Oct. 24, 2013
/PRNewswire/ -- Have you ever had one of those days where your false teeth fly out the window on the highway, your doors and windows are all glued shut, or a swarm of bees keeps you from getting in your car? While most employees use sick days to recover from an illness, some employers have heard much more memorable excuses.
In the past year, nearly one third (32 percent) of workers have called in sick when not actually ill, up slightly from last year (30 percent). On the flip side, 30 percent of employees say they've gone to work despite actually being sick in order to save their sick days for when they're feeling well.

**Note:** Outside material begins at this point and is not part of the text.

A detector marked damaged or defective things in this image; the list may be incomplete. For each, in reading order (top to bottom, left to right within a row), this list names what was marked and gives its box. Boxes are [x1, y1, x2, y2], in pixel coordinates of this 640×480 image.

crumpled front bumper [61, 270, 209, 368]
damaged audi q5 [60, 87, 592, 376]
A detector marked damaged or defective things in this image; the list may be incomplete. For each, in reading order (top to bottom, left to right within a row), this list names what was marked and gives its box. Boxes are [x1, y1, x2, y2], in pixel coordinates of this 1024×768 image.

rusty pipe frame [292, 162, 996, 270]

The national survey was conducted online by Harris Interactive
August 13 to September 6, 2013
, and included a representative sample of 3,484 workers and 2,099 hiring managers and human resource professionals across industries and company sizes.
The Show Must Go On
Thanks to technological advances, taking a sick day no longer always means taking a day off. Twenty percent of workers say in the past year they called in sick but still ended up doing work from home throughout the day.

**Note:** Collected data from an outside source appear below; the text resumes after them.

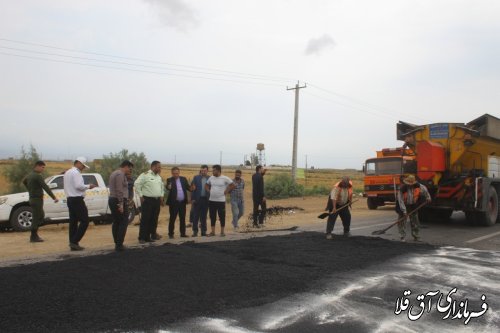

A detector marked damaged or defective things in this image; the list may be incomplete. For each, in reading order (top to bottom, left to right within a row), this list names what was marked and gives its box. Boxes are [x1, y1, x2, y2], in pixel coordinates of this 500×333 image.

fresh asphalt patch [0, 231, 434, 332] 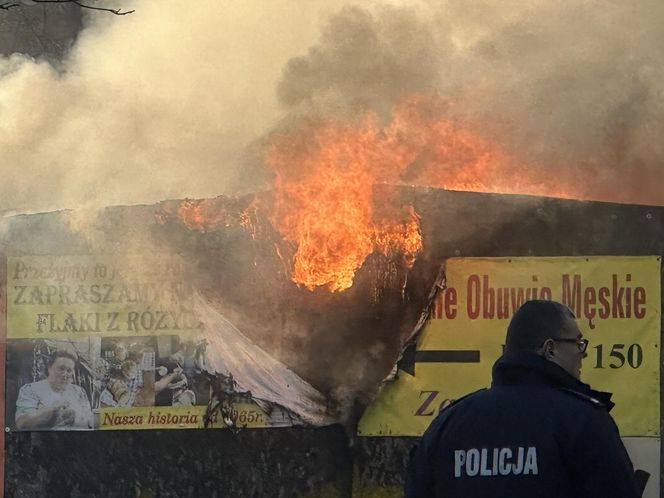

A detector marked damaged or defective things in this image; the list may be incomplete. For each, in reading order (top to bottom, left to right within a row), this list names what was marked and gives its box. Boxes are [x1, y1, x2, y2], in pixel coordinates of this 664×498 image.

torn white tarp [195, 294, 334, 426] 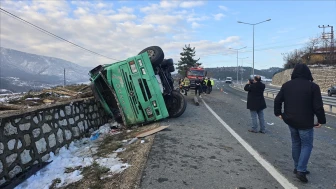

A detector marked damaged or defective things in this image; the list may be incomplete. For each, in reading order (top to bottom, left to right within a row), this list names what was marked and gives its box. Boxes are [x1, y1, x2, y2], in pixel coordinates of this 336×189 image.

overturned truck [89, 46, 186, 126] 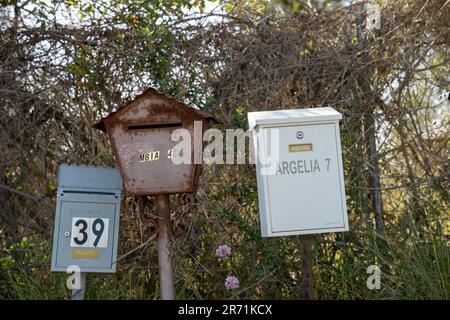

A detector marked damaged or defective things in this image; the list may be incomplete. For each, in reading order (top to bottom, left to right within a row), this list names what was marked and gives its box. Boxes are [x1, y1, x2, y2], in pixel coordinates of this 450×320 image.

rusty metal mailbox [93, 86, 213, 195]
rusty pole [155, 194, 176, 302] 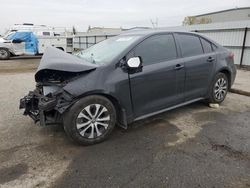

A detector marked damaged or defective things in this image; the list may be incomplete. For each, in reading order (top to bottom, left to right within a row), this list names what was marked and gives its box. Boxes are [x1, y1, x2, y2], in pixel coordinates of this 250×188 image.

deployed crumpled hood [35, 46, 97, 82]
front bumper damage [18, 86, 73, 126]
crushed front end [19, 84, 73, 126]
damaged gray sedan [19, 30, 236, 145] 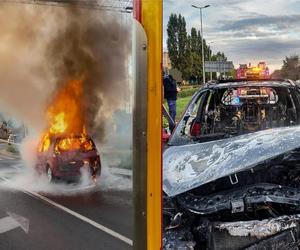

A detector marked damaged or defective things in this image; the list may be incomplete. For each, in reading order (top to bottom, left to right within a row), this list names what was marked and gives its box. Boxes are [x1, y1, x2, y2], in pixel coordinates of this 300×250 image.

charred vehicle [35, 134, 101, 183]
charred vehicle [163, 79, 300, 250]
burned car frame [163, 79, 300, 250] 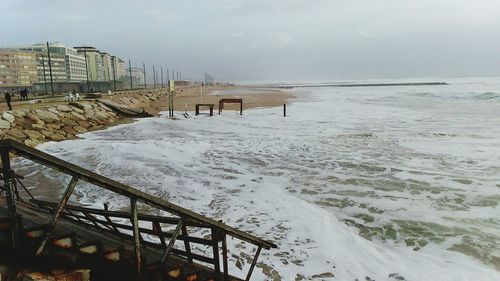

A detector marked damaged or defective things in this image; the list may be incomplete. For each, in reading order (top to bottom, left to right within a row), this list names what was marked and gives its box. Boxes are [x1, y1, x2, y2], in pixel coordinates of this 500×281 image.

rusty metal railing [0, 139, 278, 278] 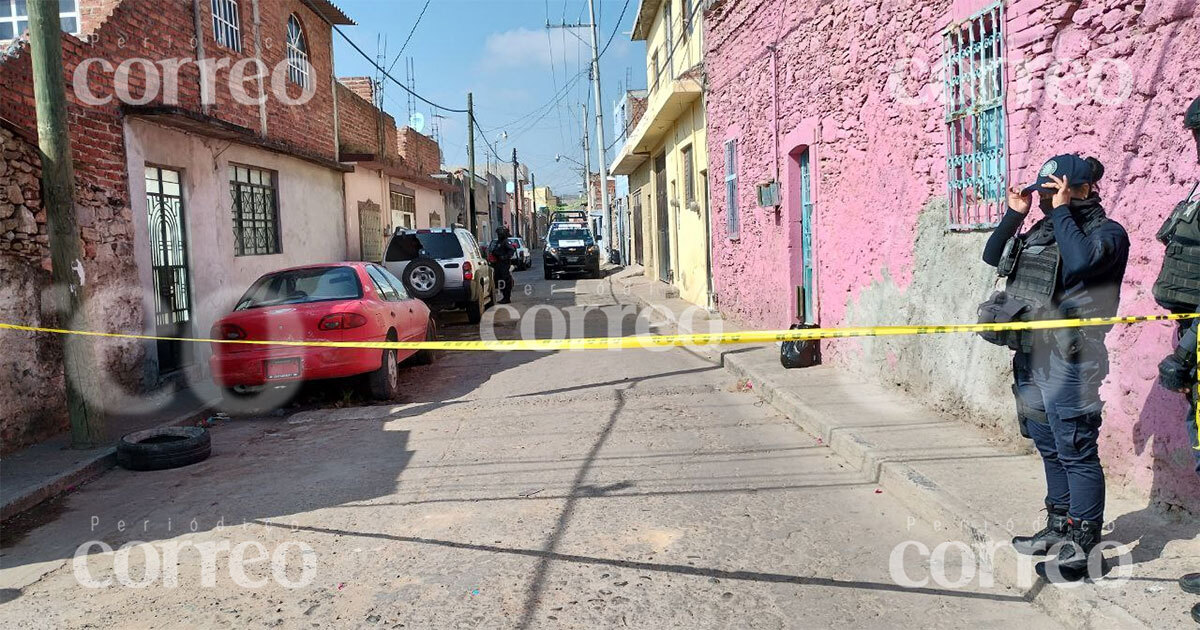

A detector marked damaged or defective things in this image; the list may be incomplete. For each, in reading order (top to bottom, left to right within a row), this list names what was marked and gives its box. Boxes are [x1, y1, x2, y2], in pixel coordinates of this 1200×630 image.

peeling plaster wall [705, 0, 1200, 504] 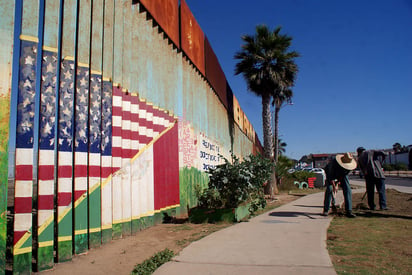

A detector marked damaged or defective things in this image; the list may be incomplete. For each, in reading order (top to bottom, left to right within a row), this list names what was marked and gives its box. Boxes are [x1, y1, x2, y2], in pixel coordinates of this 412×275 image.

rusty metal panel [139, 0, 179, 47]
rusty metal panel [179, 0, 204, 75]
rusty metal panel [204, 37, 227, 110] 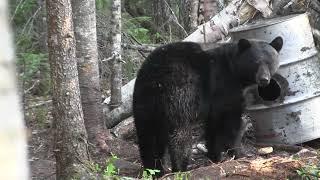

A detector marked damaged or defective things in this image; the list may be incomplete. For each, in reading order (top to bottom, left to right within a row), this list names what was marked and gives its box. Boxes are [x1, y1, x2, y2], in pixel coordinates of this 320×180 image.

rusty barrel [229, 13, 318, 144]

Cold weather and holiday stress can take a toll on absentee rates. Three-in-ten (30 percent) employers say they notice an increased number of sick days among their employees around the holidays. Nineteen percent of employers say that December is the time of year that employees call in sick the most, followed by January (16 percent) and February (15 percent).

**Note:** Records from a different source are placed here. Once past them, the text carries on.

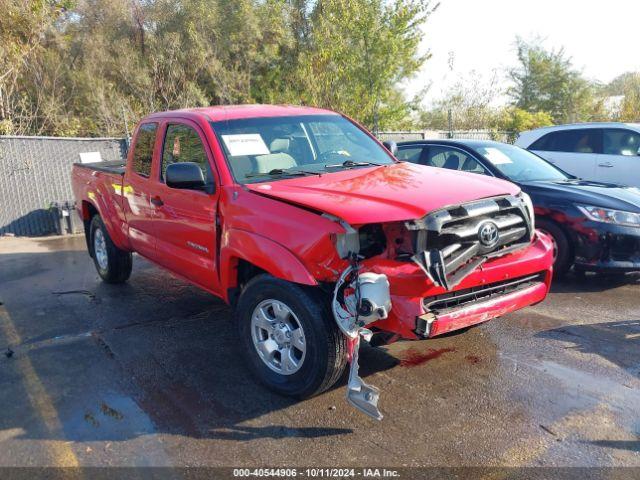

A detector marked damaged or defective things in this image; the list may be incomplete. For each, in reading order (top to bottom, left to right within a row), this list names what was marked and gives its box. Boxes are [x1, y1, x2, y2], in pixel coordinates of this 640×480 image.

crumpled hood [245, 161, 520, 223]
damaged front end [324, 193, 536, 422] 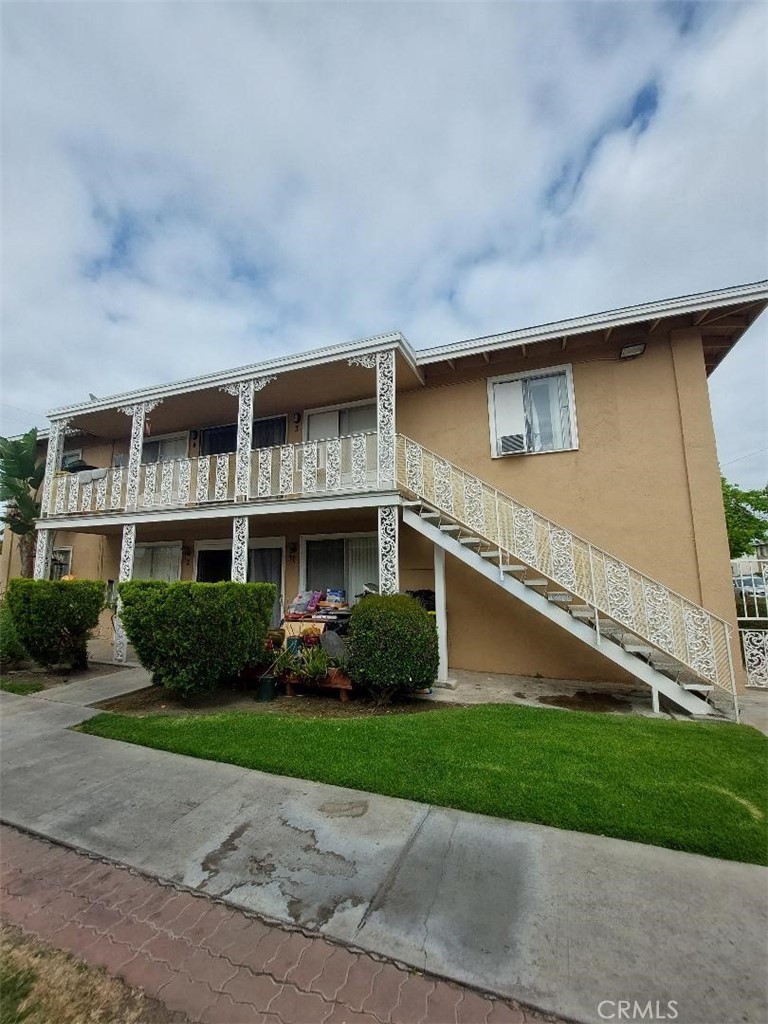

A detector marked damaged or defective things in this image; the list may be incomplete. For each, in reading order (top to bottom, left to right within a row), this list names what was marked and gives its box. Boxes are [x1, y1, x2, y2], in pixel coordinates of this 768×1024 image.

cracked concrete [1, 679, 768, 1024] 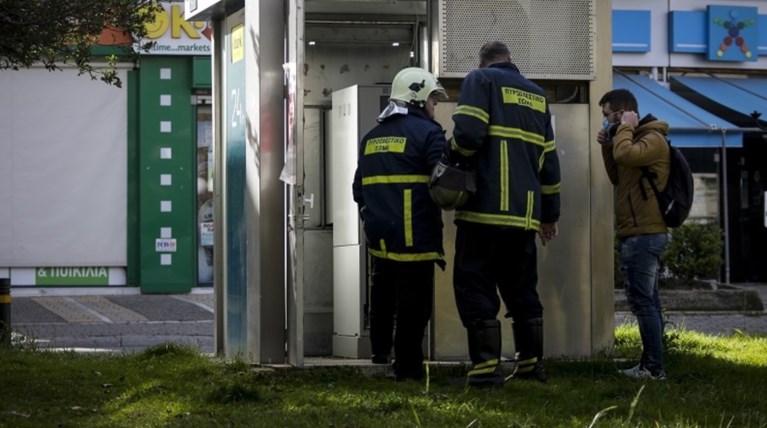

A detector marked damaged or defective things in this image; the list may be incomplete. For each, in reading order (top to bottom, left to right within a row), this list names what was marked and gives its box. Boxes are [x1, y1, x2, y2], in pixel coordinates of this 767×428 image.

Thirty percent of employers say that they have checked up on employees who have called in sick to make sure the excuse was legitimate. Of those who verified employees' excuses over the past year, 64 percent required a doctor's note, 48 percent called the employee, 19 percent checked the employee's social media posts, 17 percent had another employee call the sick employee, and 15 percent drove past the employee's house.
While some employers may be flexible with how employees use their sick days, 16 percent say they've fired employees for calling in sick with a fake excuse.